Friend or foe? The media industry’s struggle with this question is its defining story. Here’s another beat in the ongoing drama, a Hollywood Reporter interview with Google’s VP of content partnerships, David Eun. It seems clear to me that Google is trying hard to position itself as a friend, a non-threatening friend, to the content industry.

From it:

The Hollywood Reporter: A company of Google’s size is going to invite controversy. Do you think the company is misunderstood?

David Eun: Yes, but not by everyone. I think there’s a lot of questions, but if you take a step back, we’re an 8-year-old company. So we’re still very young. Things move quickly for Google as well as the space that we’re in.
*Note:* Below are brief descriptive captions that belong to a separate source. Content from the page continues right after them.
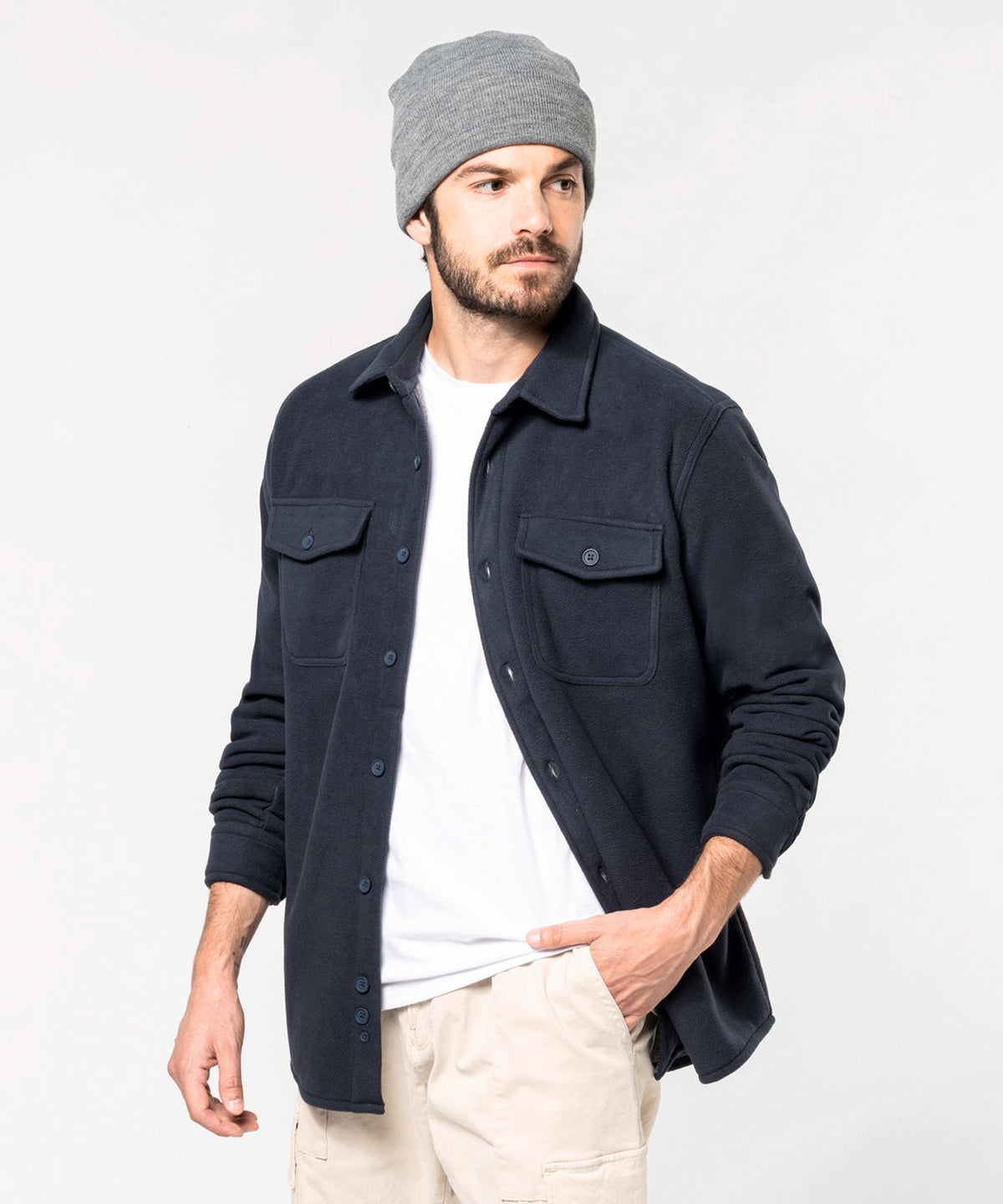 Kariban Sherpa-Lined Fleece Overshirt Soft Warm Microfleece 2 Chest Pockets
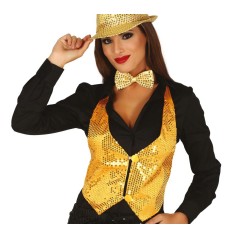 Chaleco lentejuelas oro para mujer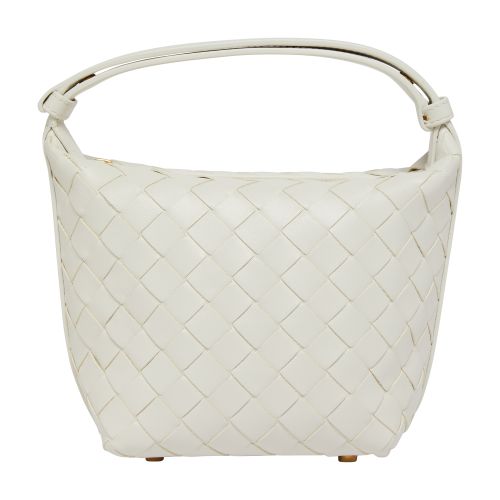 Bottega Veneta White-gold Wallace Leather Top-handle Bag In White_gold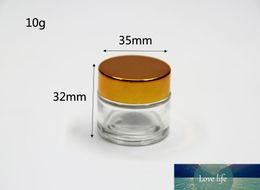 5pcs 10g High grade Amber Glass Jars Bosx Cosmetic Cream Bottles Facial Cream Gold Cap Lip Glass Case cosmetic container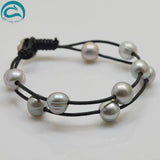 Arriver Leather Pearl Bracelet 2 Rows Gray Freshwater Pearl Real Leather 20cm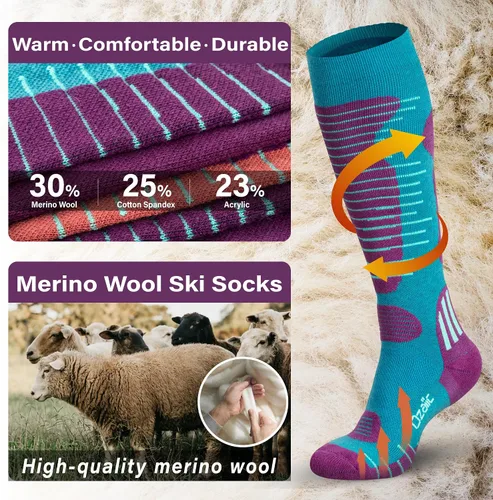 Vista 2 de Calcetines de esquí de lana merino para hombre y mujer, 2 pares para esquí, snowboard, térmicos hasta la rodilla, calcetines de rendimiento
So when you get into a space like content, and you come at it from a technology perspective, I think what we haven’t focused on as much — and this is something I’m trying to do — is really explain in (plain) English what it is we aspire to do and what frankly our objectives are. Fortunately or unfortunately, depending on your perspective, there’s a lot of noise out there about us trying to get into certain businesses or having designs to do X, Y and Z.

Eun is a key player in this. Prior to joining Google, he lived in the belly of the beast: Chief of Staff for the Media & Communications Group at Time Warner. His job is to explain Google’s intentions in the media/advertising space. He seems quite articulate and clearly experienced. But something he says here make no sense to me. He says:

THR: How much of the TV advertising business does Google aspire to take?

Eun: We paid out over $780 million last quarter alone to the Web sites we’ve asked to have relationships with. We do that not by going after the big advertisers. You’ve heard of the long tail of content — there’s a long tail of advertisers, too. There’s the successful entrepreneur who owns 20 different retail establishments who would love to find a way to advertise online, through newspapers and perhaps local TV, but they don’t know how or it’s just too difficult or it seems scary or inefficient. It will go as far as the people who want the inventory want it to go.

Excuse me? Google is NOT going after big advertisers? Now, that may be what the major content companies want to hear (their business model, in the main, is cutting multi-million dollar advertising deals with American Express, GM, Intel, etc), but man, it’s certainly not true. Perhaps the interview was edited poorly?

3 thoughts on “Google, The Eternal Media Question”

  1. I think what we haven’t focused on as much — and this is something I’m trying to do — is really explain in (plain) English what it is we aspire to do and what frankly our objectives are. Fortunately or unfortunately, depending on your perspective, there’s a lot of noise out there about us trying to get into certain businesses or having designs to do X, Y and Z.

    So, for those of us interested in understanding what it is they aspire to do, and what their objectives are, what is David Eun’s channel for explaining it to us? Does he have a blog?

    Frankly, I find it a bit odd to hear him blame all the “noise out there about us”, as if it were all somehow external and not Google’s fault. Through my own interactions with Google employees, directly, over the last five years, I can attest to the fact that there is a certain amount of schizophrenia, interally, over exactly what their aspirations and objectives are. Maybe once they get their story straight, all that “noise out there” will become quieter.

    But I would be interested in listening, as Eun opens up the channel. So again, does anyone have any idea where to find this channel?